There are scenes in Weapons that made me laugh quite a bit, and that's not something you expect a horror film to do. I'm not talking about unintentionally funny. I mean situations that are genuinely funny while something scary is happening simultaneously. Now that's something you don't see often. I was looking forward to Weapons with plenty of excitement because I loved Zach Cregger's previous horror film, Barbarian. Among the main reasons I loved it is its ingenious storytelling, which involves the ability to keep you guessing what sort of ominous activity is exactly happening around the characters, but also who the "hero" or "heroine" of the story is.
Those who have seen Barbarian will know how Cregger hits us with an unforeseen development midway through the film that completely catches us off guard. Weapons does this more than once, even though it's not as grim as the former. Without giving anything away, it begins with a baffling event: the disappearance of all children, except for one, from the classroom taught by a teacher named Justine, played by Julia Garner ("Ozark"). The irate parents of the missing children, naturally, point all their fingers at Justine.
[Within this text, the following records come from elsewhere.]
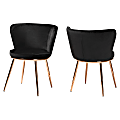 Baxton Studio Farah Dining Chairs, Black/Rose Gold, Set Of 2 Chairs
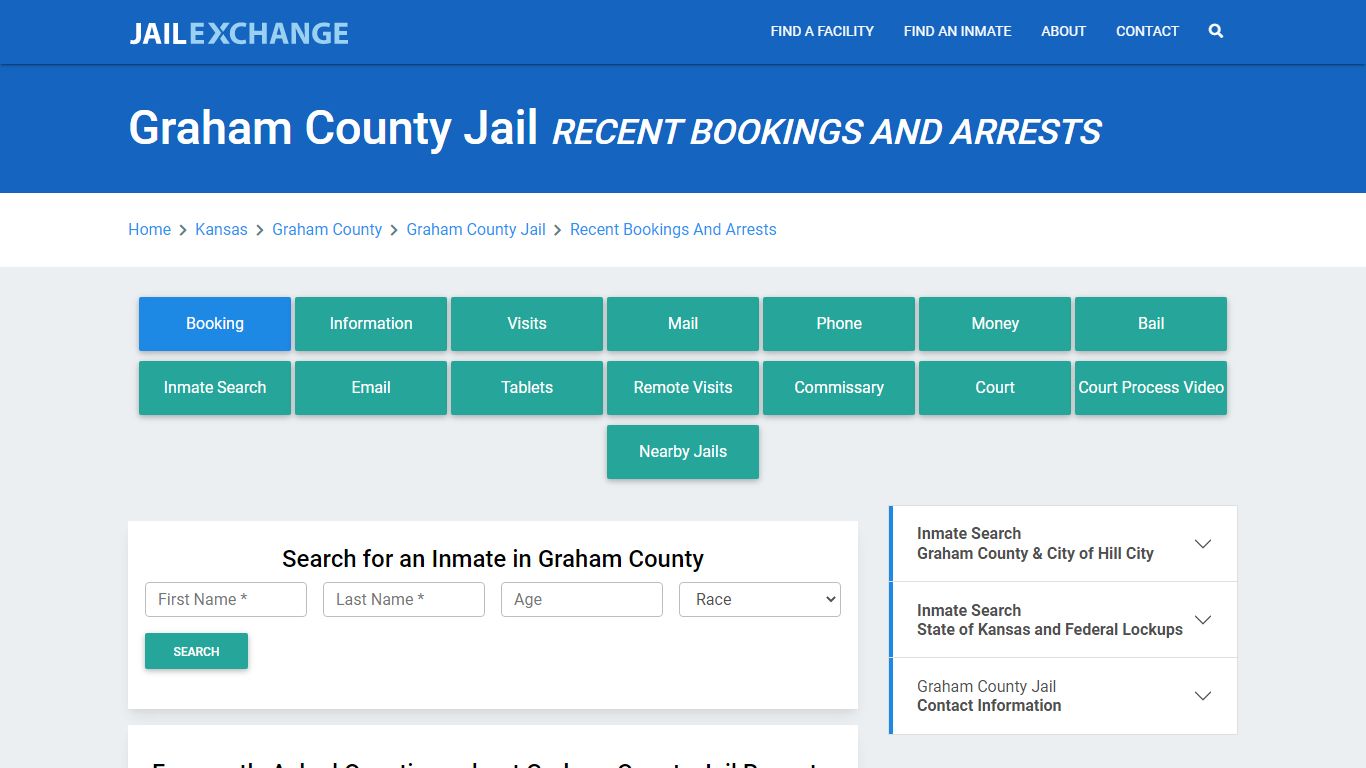 Graham County Jail KS Recent Arrests and Bookings - Jail Exchange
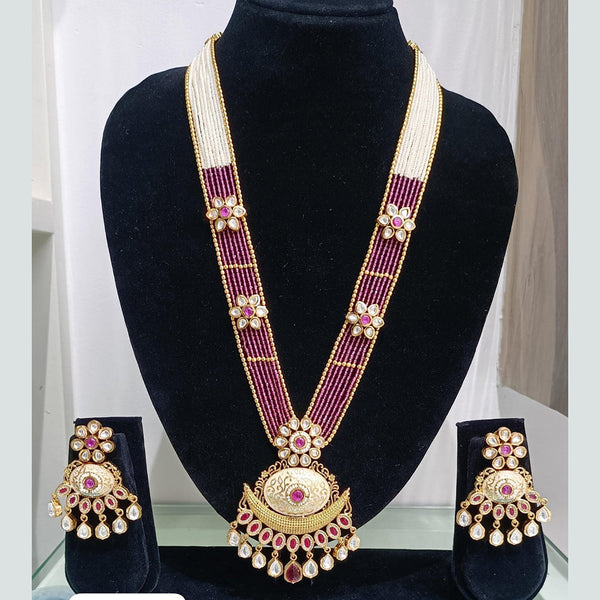 JCM Gold Plated Kundan Stone And Pearls Long Necklace Set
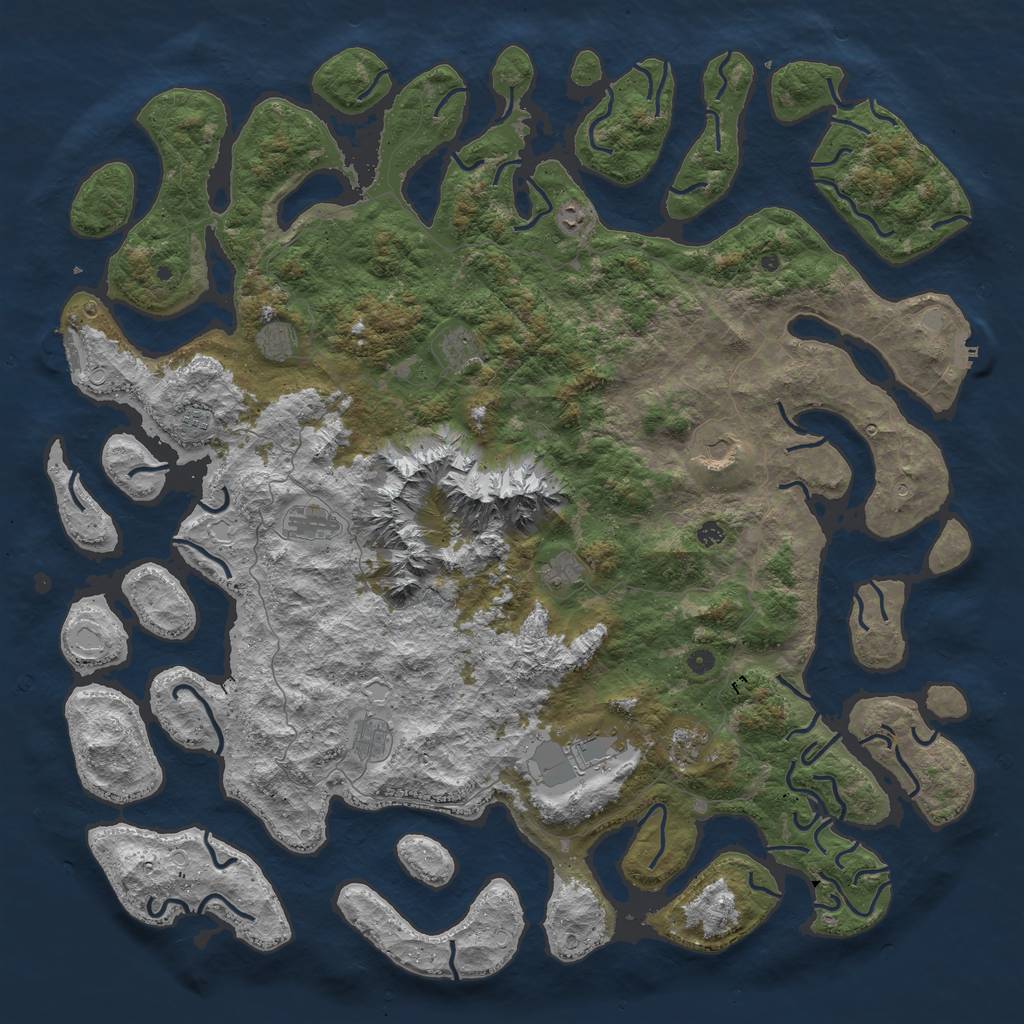 Rust Map: Procedural Map, Size: 6000, Seed: 54321, 19 Monuments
Did she have anything to do with this? Is it some supernatural event? Is it a creature or another human being behind all this?
Cregger gives you most of the answers; not all of them. That, I'd say, is a good quality for a horror film, because after you get out of the theatre, you're still thinking about some of the unresolved mysteries, but also immensely satisfied at some of the hilariously wild, cathartic developments that happen in the end. Because until that point, you're not thinking about whether we could make such bold storytelling choices inside a horror movie.
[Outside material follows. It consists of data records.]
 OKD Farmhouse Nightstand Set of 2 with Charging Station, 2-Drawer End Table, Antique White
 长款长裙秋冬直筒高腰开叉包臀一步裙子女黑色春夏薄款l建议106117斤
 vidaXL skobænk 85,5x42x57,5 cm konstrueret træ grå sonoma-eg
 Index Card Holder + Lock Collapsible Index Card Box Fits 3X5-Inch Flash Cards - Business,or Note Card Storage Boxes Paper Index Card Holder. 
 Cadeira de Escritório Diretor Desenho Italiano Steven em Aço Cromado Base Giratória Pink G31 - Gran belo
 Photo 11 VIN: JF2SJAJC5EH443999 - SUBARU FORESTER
It's not something that even Cregger did in Barbarian, which was, by the way, one supremely dark, disquieting horror film. However, in that too, Cregger attempted something no other horror film did before — making us feel briefly empathetic towards the so-called "terrifying antagonist".
Weapons, however, knows whose side it's supposed to take. And it takes a while to get us to realise which character(s) we are supposed to root for, even though it doesn't make a lot of effort to get us close to them, enough to feel a sort of kinship.
In that regard, I would say Weapons is the horror movie equivalent of Pulp Fiction. You enjoy watching these characters, but don't feel close to them. You are more interested in seeing how their paths cross in the most unexpected ways and how they manage to get out of the mess created by all the twists and turns beyond their control.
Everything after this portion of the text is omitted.